И право же, процент ошибок, непопадании был не так уж велик! Как-то замечали мы такие детали, подробности, которые обычно не замечаем. Как-то глаз был поставлен. А главное, на этом был сосредоточен интерес, на этом держали мы фокус своего внимания.

Если бы я попытался заняться этим сейчас, то, конечно, очень скоро убедился бы, что “дисквалифицировался”.

Глаз наш скользит... Мы видим и не видим мир вокруг нас.

Открывать окружающий нас мир учит искусство.

Вот как сказал об этом Михоэлс:

“Искусство—не только отображение действительности, которую мы видим, скользя мыслью по поверхности явлений. Это—раскрытие действительности и одновременно раскрепо­щение спрятанной в этой действительности огромной образ­ной энергии”*.

Мне нравятся слова об огромной образной энергии, кото-

* Михоэлс С. М. Статьи. Беседы. Речи. М., “Искусство”, 1960, с. 19.

рая спрятана в самой действительности и которую искусство призвано обнаружить, раскрепостить, заставить нести мысль.

Конечно, букет полевых цветов, несколько картофелин на плохо отесанной доске ели сохнущее белье на фоне снежного ландшафта—это всего лишь предметы окружающего нас вещественного мира. Но для художника каждый из этих “сюжетов” может стать поэтическим событием. В букет вдруг ворвался круглый, удивительно благодушный подсол­нух, он другие цветы растолкал и теперь сверкает, как маленькое золотое солнце, словно бы специально упавшее на землю, чтобы стать этим веселым подсолнухом... Картофели­ны на грубой доске заставляют подумать о простых, грубых и здоровых основах жизни, картофелины требуют к себе уважения, ибо вышли из земли я весомы, как сама земля... А простыни на веревке вдруг оказываются голубыми, светло-зелеными, розовыми и лиловыми—белый цвет, играя, вос­пользовался снегом и простынями как экраном, чтобы обна­ружить таящиеся в нем и рвущиеся наружу иные, радужные цвета...

Художник—это умение вот так изобразить? Вовсе нет! Художник—это прежде всего умение, дар так увидеть.

Но, вероятно, я не открою Америки, если скажу, что ту же работу, ту же роль—роль образного открытия мира, его восприятия по законам прекрасного (в широком, философско-эстетическом смысле)—способно порой выполнять и не только искусство. Это может быть взгляд другого человека, который “видит” и поможет “увидеть” нам. Это может быть наше особое душевное состояние. Это может быть что-то еще, заставившее вдруг на чем-то одном остановить наше внимание.

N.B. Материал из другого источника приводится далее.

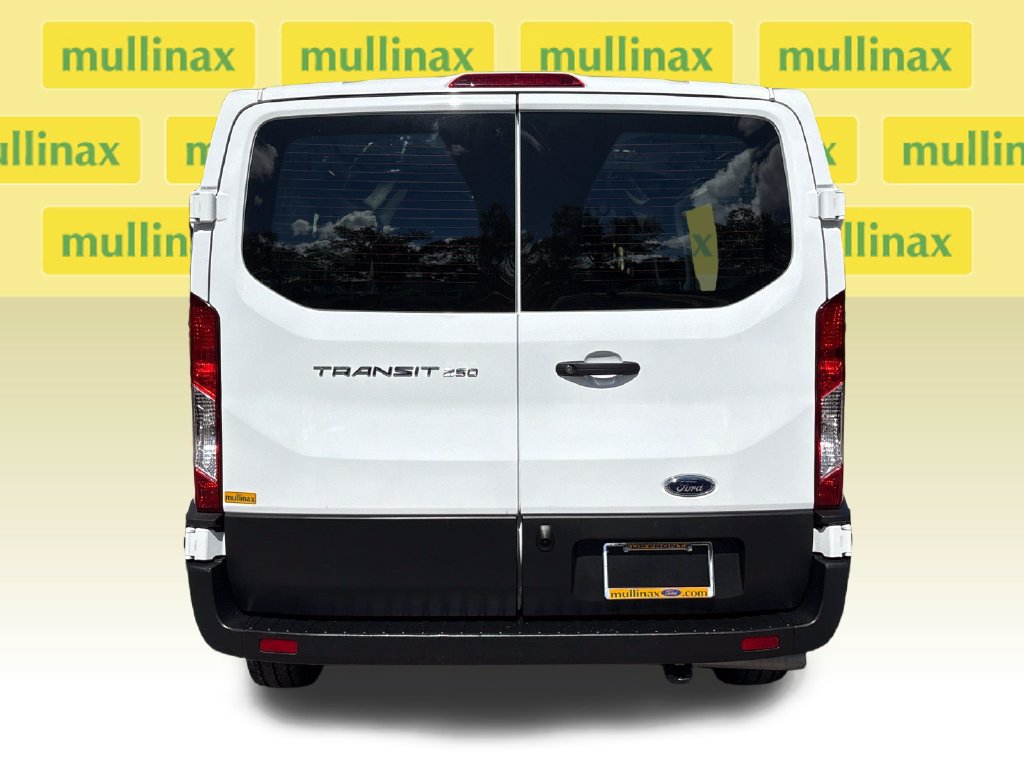 Certified 2025 Ford Transit 250 Low Roof w/ Exterior Upgrade Package RWD image 9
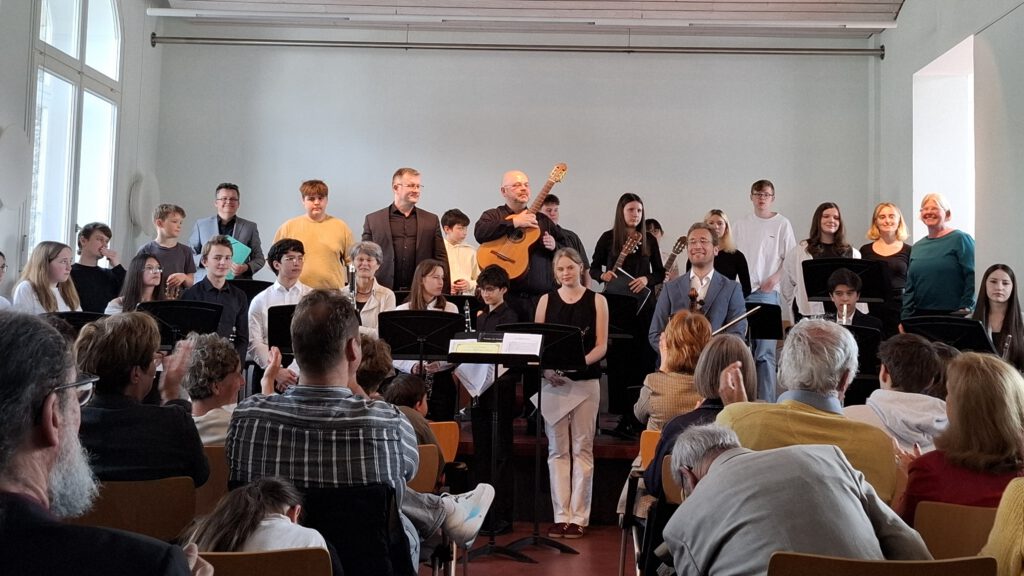 Partnerschaft der Musikschulen Zeitz & Detmold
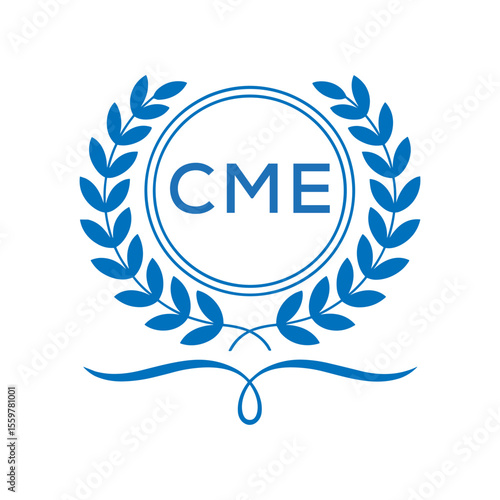 Royal Shield Logo with Wings and Crown – CME Elite Security or Premium Brand Identity Design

Но позволим себе еще одно, опять же “лирическое отступление”.

...Вот уже много лет я живу в Замоскворечье, мои окна выходят в переулок, прямо на Климентовский собор, это очень известный собор, он есть в учебниках. И кругом много церквей, в том числе очень старых; может быть, наш район в этом смысле единственный... Вот и ходил я всегда мимо этих церквушек, ходил и пять и десять лет. Я все знал—и то, что это произведения старой русской архитектуры, и какой это век, и стиль какой. Когда мне говорили: снесли еще одну церковь, я—как все—отвечал, что это безобразие и что надо сохранять памятники старины, но, в общем, это меня не трогало, лично меня, и, может быть, даже я думал: таково движение жизни, что-то всегда идет на слом...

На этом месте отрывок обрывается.